Contrôle d’identité au faciès : six associations mettent en demeure l’Etat pour stopper "ces pratiques discriminatoires"
Ces associations veulent dénoncer "la défaillance fautive de l’Etat" face à "l’ampleur et la persistance de cette pratique". Elles exigent " des réformes profondes" pour que ces faits cessent.
Le Premier ministre Jean Castex, le ministre de l'Intérieur Gérald Darmanin et le garde des Sceaux Eric Dupond-Moretti ont été mis en demeure mercredi 27 janvier par six associations ou ONG, dans le cadre de la "toute première action de groupe contre les contrôles d’identité discriminatoires", selon les informations de franceinfo.
La mise en demeure a été adressée aux ministres concernés en tant que "responsables de la conception et de l’exercice de l’action policière" par Me Antoine Lyon-Caen, avocat au Conseil d'État et à la Cour de cassation. Cette mise en demeure "ouvre une période de quatre mois" où le gouvernement peut "engager des discussions avec les organisations". Si les associations estiment, à la fin de cette période, que les mesures prises ne sont pas satisfaisantes, elles "pourront décider de saisir la justice".

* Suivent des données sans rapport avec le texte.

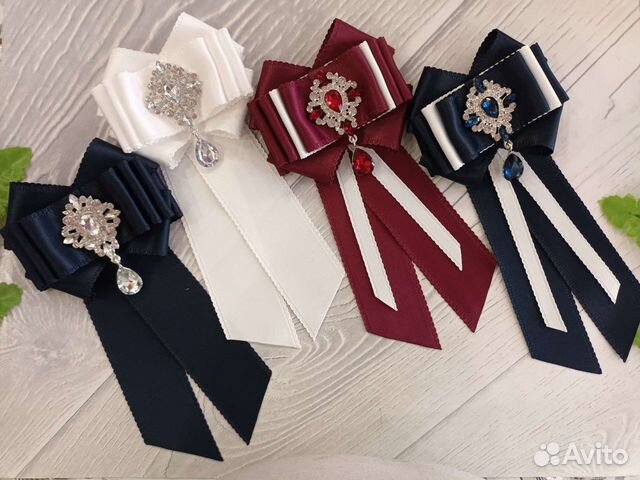 Галстук для девочки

Le but de cette action est donc de "faire constater une discrimination frappant un ensemble de personnes" et ainsi imposer à l’Etat de prendre "des réformes profondes", "des mesures propres à faire cesser" cette discrimination.
L'Etat déjà condamné pour faute lourde
La Maison communautaire pour un développement solidaire (MCDS), Pazapas Belleville, le Réseau égalité antidiscrimination justice interdisciplinaire (REAJI), Amnesty International France, Human Rights Watch et Open Society Justice Initiative se sont rassemblées pour "cette initiative inédite". Ces associations veulent dénoncer par cette action de groupe "la défaillance fautive de l’Etat" face à "l’ampleur et la persistance de cette pratique" et veulent ainsi "exiger des réformes profondes" pour que ces faits cessent.
Cette pratique est condamnée tant au niveau international qu’au niveau national. En novembre 2016, la Cour de cassation, plus haute juridiction judiciaire, a condamné l’Etat pour faute lourde, après la plainte de trois jeunes hommes pour des contrôles d’identité jugés discriminatoires, "à raison de leurs caractéristiques physiques associées à leur origine réelle ou supposé".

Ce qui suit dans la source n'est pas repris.